TASK ITEM: The reply should hold only the lines below beginning at the one with "Environmentally friendly high-end" and ending at the one with "hide photo, video icon", copied exactly, with every picture left out.

PROVIDED RECORDS:
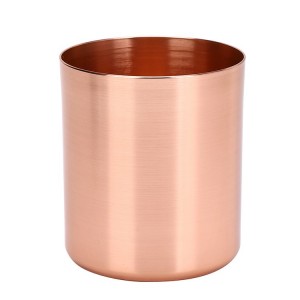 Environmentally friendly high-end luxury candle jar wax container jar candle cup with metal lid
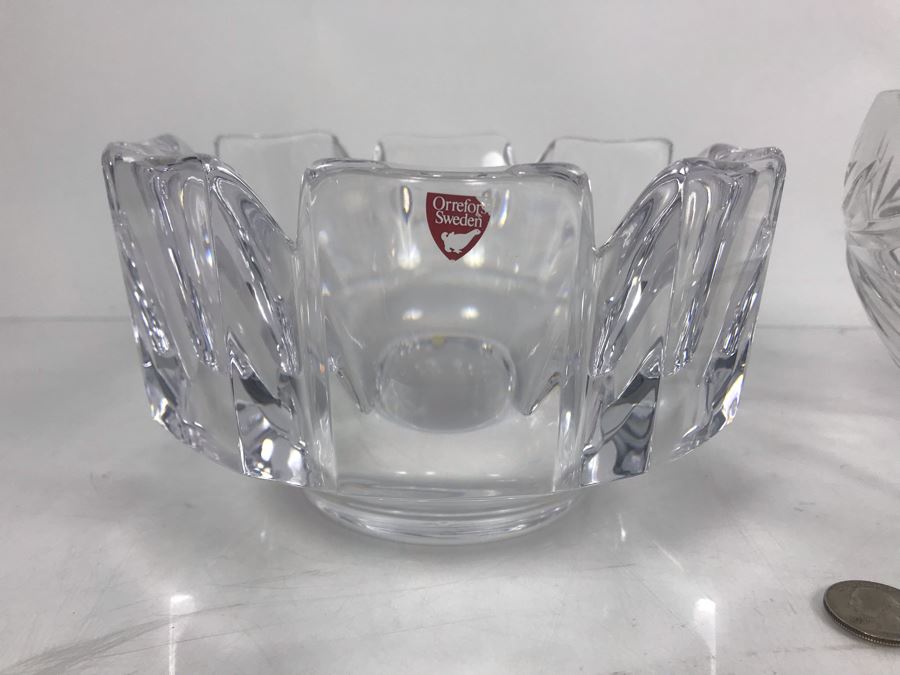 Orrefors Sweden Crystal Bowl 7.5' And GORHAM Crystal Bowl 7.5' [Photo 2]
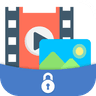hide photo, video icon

--

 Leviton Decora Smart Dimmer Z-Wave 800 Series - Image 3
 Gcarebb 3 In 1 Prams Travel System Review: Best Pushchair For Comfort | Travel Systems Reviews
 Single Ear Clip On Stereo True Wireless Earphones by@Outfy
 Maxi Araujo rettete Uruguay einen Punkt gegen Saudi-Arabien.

* * *

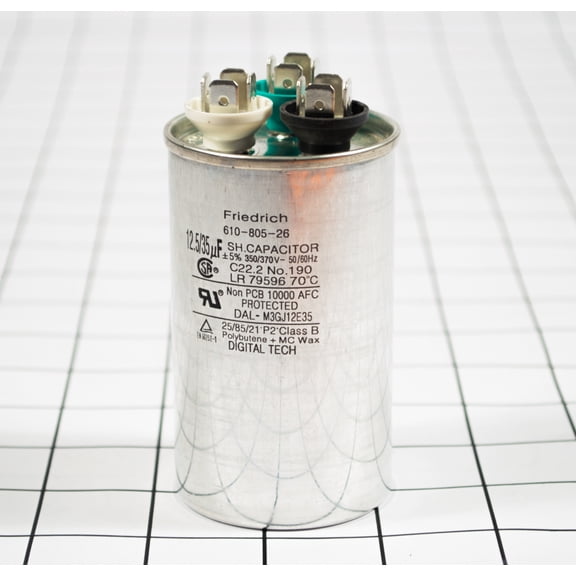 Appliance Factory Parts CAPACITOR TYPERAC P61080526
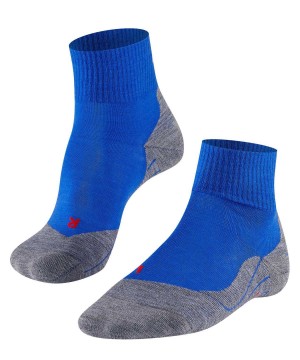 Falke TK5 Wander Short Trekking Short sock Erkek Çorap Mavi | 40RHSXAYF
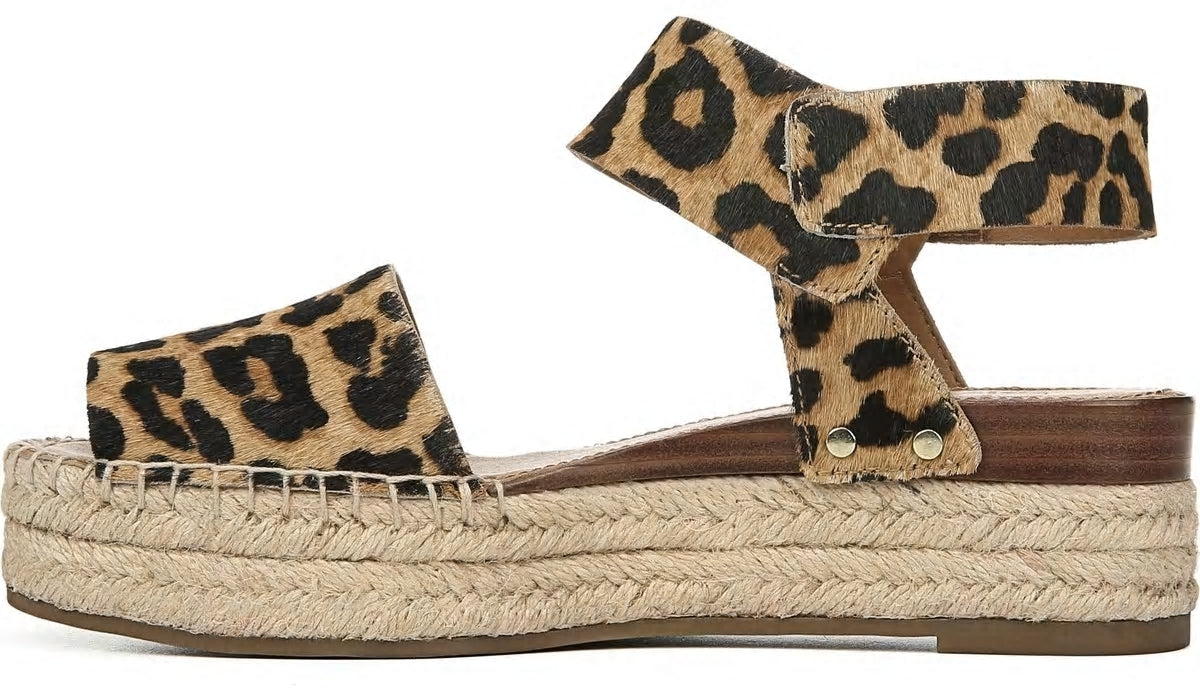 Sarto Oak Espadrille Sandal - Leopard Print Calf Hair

RESPONSE BOX:
 Environmentally friendly high-end luxury candle jar wax container jar candle cup with metal lid
 Orrefors Sweden Crystal Bowl 7.5' And GORHAM Crystal Bowl 7.5' [Photo 2]
hide photo, video icon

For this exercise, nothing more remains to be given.